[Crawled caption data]
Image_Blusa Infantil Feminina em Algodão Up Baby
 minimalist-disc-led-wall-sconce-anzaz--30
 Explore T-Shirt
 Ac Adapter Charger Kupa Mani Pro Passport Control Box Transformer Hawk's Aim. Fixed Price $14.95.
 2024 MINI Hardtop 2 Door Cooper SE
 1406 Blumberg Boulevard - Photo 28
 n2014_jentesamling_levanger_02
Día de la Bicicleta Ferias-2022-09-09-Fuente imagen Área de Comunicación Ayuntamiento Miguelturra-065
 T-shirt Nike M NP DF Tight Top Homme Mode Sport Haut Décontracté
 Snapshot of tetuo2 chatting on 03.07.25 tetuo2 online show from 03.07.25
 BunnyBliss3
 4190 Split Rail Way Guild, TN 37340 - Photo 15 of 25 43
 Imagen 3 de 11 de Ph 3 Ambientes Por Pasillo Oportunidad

(Assignment): Copy the records above exactly, starting at the line that contains "Ac Adapter Charger" and ending at the last line, and leave out all earlier lines.

(Solution for this task):
 Ac Adapter Charger Kupa Mani Pro Passport Control Box Transformer Hawk's Aim. Fixed Price $14.95.
 2024 MINI Hardtop 2 Door Cooper SE
 1406 Blumberg Boulevard - Photo 28
 n2014_jentesamling_levanger_02
Día de la Bicicleta Ferias-2022-09-09-Fuente imagen Área de Comunicación Ayuntamiento Miguelturra-065
 T-shirt Nike M NP DF Tight Top Homme Mode Sport Haut Décontracté
 Snapshot of tetuo2 chatting on 03.07.25 tetuo2 online show from 03.07.25
 BunnyBliss3
 4190 Split Rail Way Guild, TN 37340 - Photo 15 of 25 43
 Imagen 3 de 11 de Ph 3 Ambientes Por Pasillo Oportunidad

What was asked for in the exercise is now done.